After a crash, the recovery manager scans the log to locate all valid log entries that have successfully committed (i.e. have the committed mark). It then reapplies these log entries in the order they are generated by different threads (the paper does not mention how a global ordering of log entries is enforced, or there is no global ordering). After applying all valid log entries, the rest are discarded, and recovery completes. The program is restarted from the beginning. The programmer is responsible to check whether the current instance of the program is a restarted process after recovery, or it is just a new process. In the former case, the programmer should call some special routine to perform after-recovery tasks such as rebuilding their own thread-local states, and then resume execution from the recovery point.
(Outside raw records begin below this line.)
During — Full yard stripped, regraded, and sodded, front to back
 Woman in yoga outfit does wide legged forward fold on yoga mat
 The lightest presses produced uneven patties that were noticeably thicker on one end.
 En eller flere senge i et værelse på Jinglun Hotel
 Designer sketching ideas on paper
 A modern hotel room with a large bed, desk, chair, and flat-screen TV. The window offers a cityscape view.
Special handling is also needed to properly persist nested critical sections. There are two cases of nested critical sections: fully (perfectly) nested and partially nested (e.g. 2PL-style locking protocol). The general rule is that any two overlapping critical sections on the same thread should be flattened or merged into one, because otherwise, depending on the access pattern of data in two critical sections, it is possible that one of them is rolled back, and the other happens to have accessed modified data and committed. In this case, the final state is no longer consistent, because the state after recovery contains a variable whose value is derived from nowhere. The same rule also applies to critical sections on different threads that are communicated via a condition variable (CV). To avoid data inconsistency, the paper proposes using global reference counting. Every time a page is duplicated for COW, the counter for the original page is incremented by one, and the current owner is recorded in the page metadata (e.g. a hash table); The opposite is done when a critical section commits. When a critical section first accesses a page, it checks whether the page is already dirty (i.e. ref count non-zero), and if true, it means that the current critical section may read states updated by another active critical section, and hence, the former can only commit after the latter, since the recovery process will either recover both, or only recovery the latter, which is correct. To achieve this, a commit dependency is created from the current critical section to existing critical sections that have a reference to the page. The current critical section must wait until all these dependencies are resolved (i.e. critical sections are committed), after which it can commit.